Neat tricks for sure, but not the real deal.
Simulations are not games by design. They are used to test other stuff and most of the time the system that is being simulated is treated as a rather boring black box where we provide some input and expect the simulation to give us useful data that we can use to tweak the system in order to better serve the real world when we leave the simulation and go live.
I recall one of the first simulations I ever ran – not sure if it was done in LISP, Prolog or Smalltalk anymore. It was a rather simple system simulating a set of ski lifts, slopes and restaurants, with people arriving by bus or car, stacking up in queues to ride the lift to the top of the ski resort and then take a predictable set of routes down depending on skill level, with age and income as parameters for the chance of them stopping to get a drink on the way down or stay for after-ski, stay the night and so forth.
It was boiled down to math, loads of data points stored in log files and a database and later an equal amount of queries to determine waiting times, queue length and decisions about the quota for parking space as divided between cars and busses to maximize skier throughput and restaurant earnings while keeping time spent in queues below a pain threshold.

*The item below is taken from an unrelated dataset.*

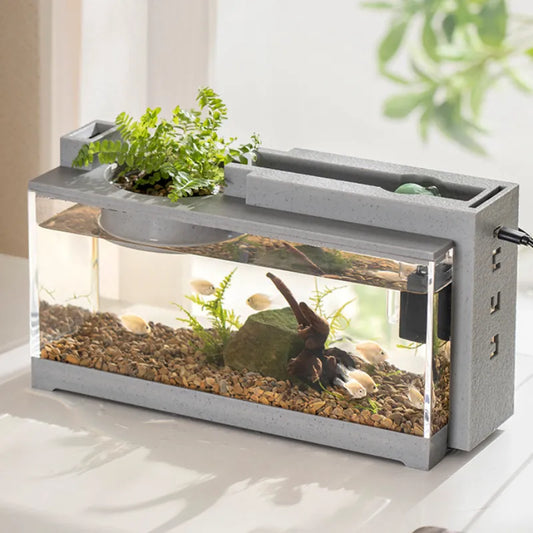 Creative Filter Mute Water Flow Small Fish Tank Micro Landscape Fish Tank Office Desktop Home Ornaments Heating Tropical Fish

It turned out that the simulation did not need to adhere to the finer details of the domain that is simulated if those details are of no value for the simulation in order for it to deliver the expected outcome, so there was not even a GUI needed – just a command line interface.
Imagine how different that would be if it had to be running in a 3D world where you could observe the simulation running, get feedback and adapt by changing those slopes and then re-run to compare the outcomes?

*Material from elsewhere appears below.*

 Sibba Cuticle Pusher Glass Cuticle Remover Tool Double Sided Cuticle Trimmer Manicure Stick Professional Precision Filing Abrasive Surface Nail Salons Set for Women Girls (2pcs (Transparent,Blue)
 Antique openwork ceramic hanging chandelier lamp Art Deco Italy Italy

I imagine that business tychoon games arise from a desire to be able to see and experience the system while it is running. The Sims of course do this too even though they seem to aim at simulating the actors (or agents) and their interactions rather than their actions within a specialized subsystem such as a ski resort.

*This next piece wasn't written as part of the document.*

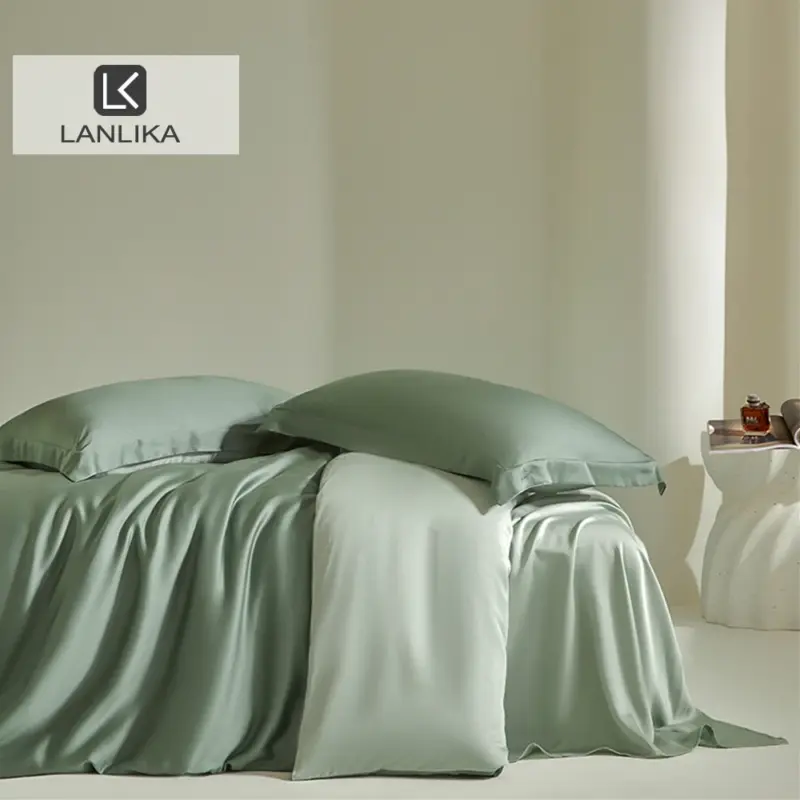 100% Mulberry Silk Bedding Set - Queen King Double Luxury Duvet Cover 4-Piece Linen Collection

I’ll get back to this to continue pondering about it in public for a while, since it’s the main driver that got me into game design as well as into systems development at large. I ran out of LEGO blocks… but with layered simulations in open 3D worlds it seems the greatest obstacles are CPU/GPU, memory and time.
What if we could simulate the visual aspects while close to the player and let the hidden portions remain a black box numbers game?